72 stolen Benin artefacts have been officially returned to Nigeria by a modest museum in south-east London.
The objects, which were forcibly removed from Benin City in 1897, have now been restored to the Nigerian government by the Horniman Museum in southeast London.
The Horniman responded to a request from Nigeria’s National Commission for Museums and Monuments (NCMM) by describing restoring the stolen items as a “moral and appropriate” action.
The fate of thousands of artefacts kept at major institutions throughout the world, such as the British Museum, is still up in the air.
At a ceremony to celebrate the transfer of ownership of 72 seized items, the first six pieces that were returned—including two “Benin Bronze” plaques from the royal palace—were delivered to Nigerian officials.
British soldiers took the goods from Benin City in February 1897.
Before the official handover, journalists questioned Professor Abba Tijani, director-general of the NCMM, and Nick Merriman, CEO of the Horniman Museum and Gardens, about whether they were frustrated by the British Museum’s apparent reluctance to transfer the 900 objects it has held for more than a century.
Mr.
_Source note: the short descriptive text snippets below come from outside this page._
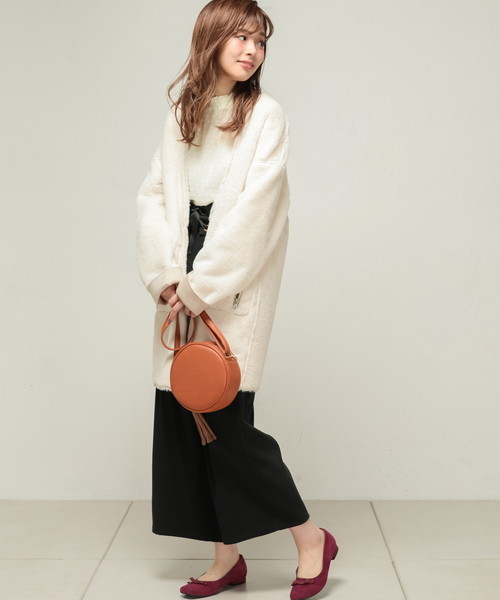 natural couture(ナチュラルクチュール)の「フェイクムートンリバーシブルコート(ムートンコート・レディース・アイボリー/ライトグレー/キャメル/ピンクベージュ・FREE)」の13枚目の写真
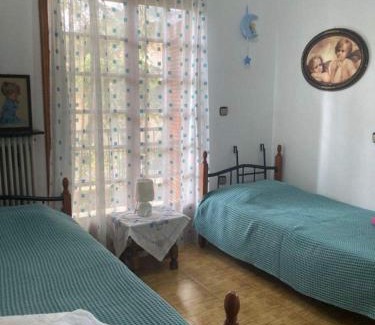 Lokroi Apartamento | Apartment with Garden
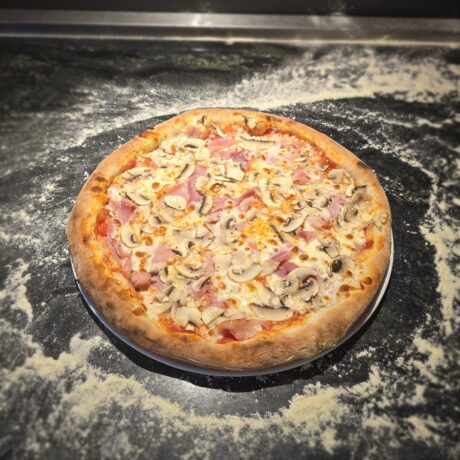 Pizza Prosciutto e funghi Afumati. Comanda acum!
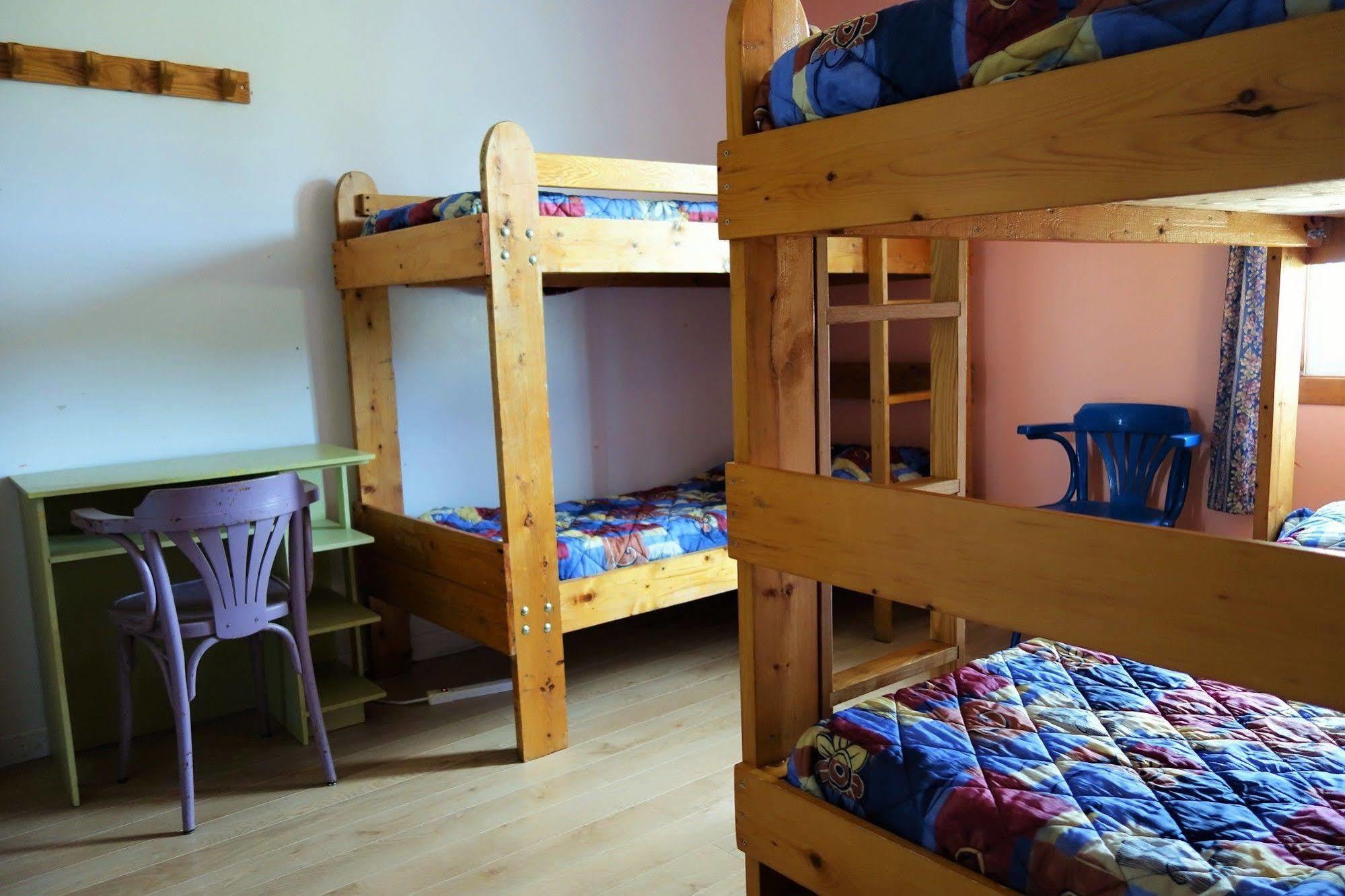 Gaspé Le Carabobo Auberge Forillon מראה חיצוני תמונה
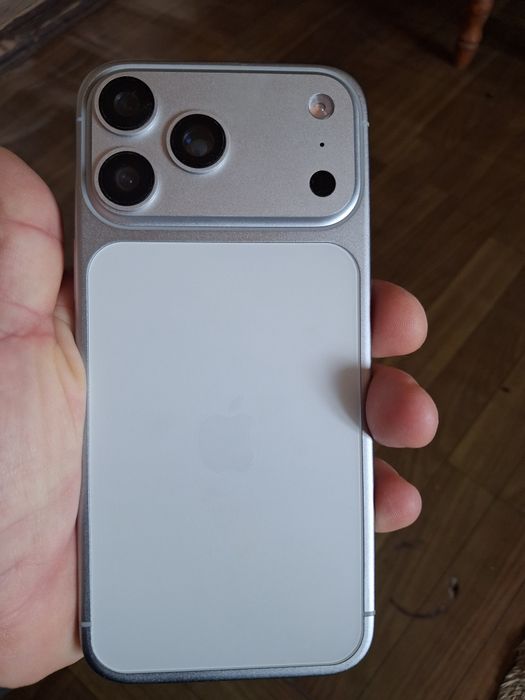 Iphone 17 pro max (schimb)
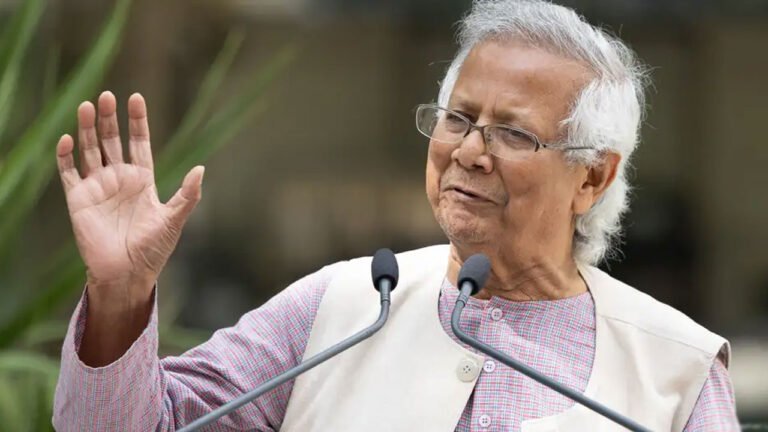 বিভিন্ন প্রতিষ্ঠানকে পুরস্কার দিলেন প্রধান উপদেষ্টা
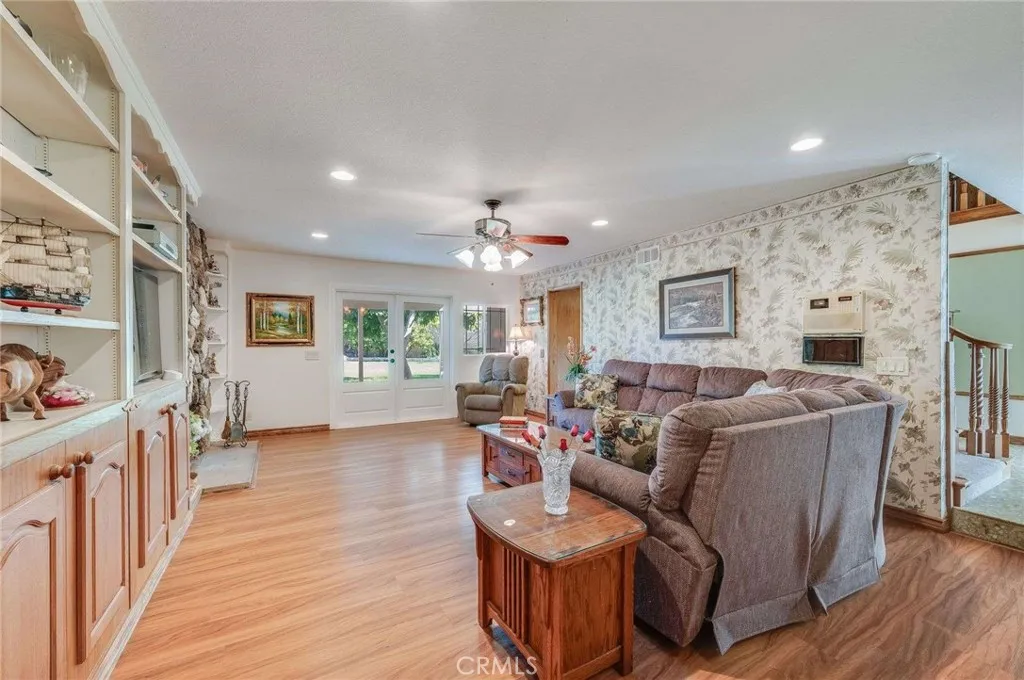 11254 Jamaica, Cypress, California 90630 home-pic-13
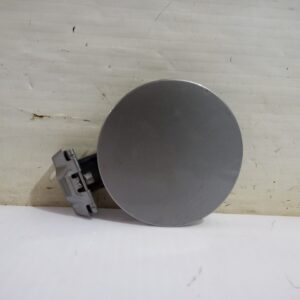 tapa_exterior_combustible_b45c42410_mazda_3_lim_center_line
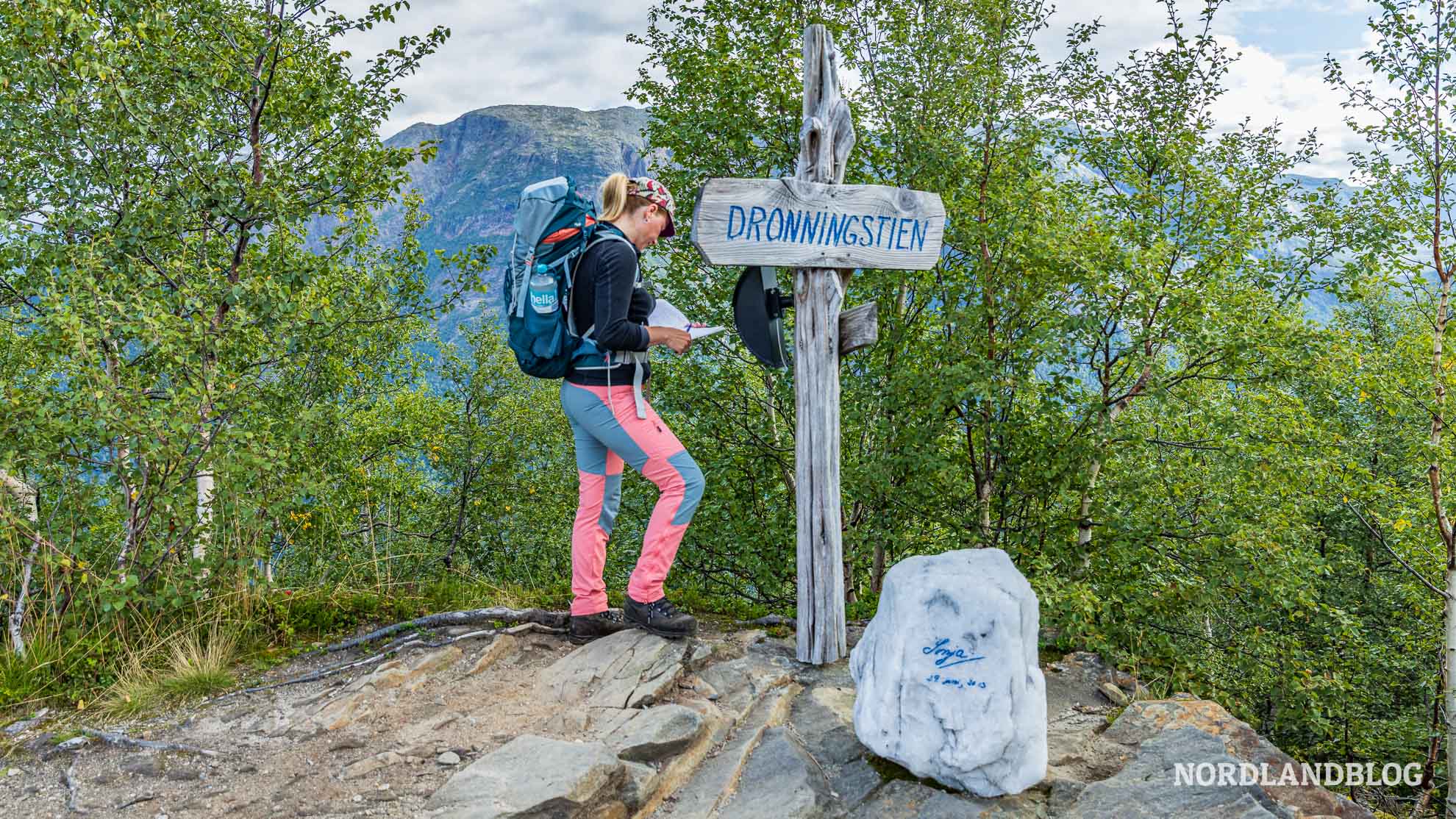 Gipfelbuch Wanderung Dronningstien Hardangerfjord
Merriman, who said the Horniman had been an ‘excellent example’ of leadership, stated: ‘Journalists who ask me about the Benin return always want to ask me about the British Museum.
‘I would rather talk about what an excellent example the Horniman is rather than answer questions about the British Museum.’
Professor Tijani later explained that about 5,000 Benin bronzes are currently “scattered” around the world.
He expressed his hope that discussions with various organizations would lead to agreements that may signal the return of the artifacts from countries like Germany and the United States.